So, I mean, these are kind of the people who run the Integratron now, am I correct?
You are correct, and it's so funny because you make these films and you stitch together audio and you put together video and you hope it makes some kind of sense.
And I was watching it after I cut the whole thing, you know, many, many times.
And I realized that Nancy and Joanne are the Carl sisters.
The third sister is like, she's like the gummo.
She's never around from the Marx Brothers.
And Tron, they're the ones that I know.
The stewards are owners of the dome.
And Joanne says about Nancy.
She's like, yeah, she's brilliant.
She used to work at Stanford Research Institute in Intelligence,
in a Bright software, artificial intelligence.
And that recently, I was like, oh, my God,
she worked at Stanford Research and Artificial Intelligence.

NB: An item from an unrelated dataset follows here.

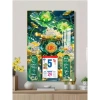 Lịch tết 2.026 Tomdecor Tráng gương Túi Ngọc LTTNGOC - Giá ưu đãi 130.000₫ 4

I'm sure her listeners are aware of SRI and its place.
In both the wonderful scientific history of this country,
the invention of the mouse and the computer, I think, was invented there,
or that was Xerox as well.
Also in the more woo-woo parapsychology work that was,
was done there. So that, I was like, wow. So they own the dome. They bought it from another
owner. It went through a series of owners. It went fallow for a while. I just love that it's this
spot where people project their own stuff onto. And I think that the current stewards of the
Dome are really good about that. Like, they're able to allow me to engage in my predilection for the
counterculture activities of California and make a film about it. And they will enable someone else to do
there yoga retreat there. You know what I mean? It's like it's this space and this place that we can
project our hopes, fears, and desires and work onto. So it's kind of neat. And just in a
pure art level, like installation art, like someone like Robert Smithson and other Earth artists
and site-specific artists, it really has that, if nothing else, it's a beautiful piece of art.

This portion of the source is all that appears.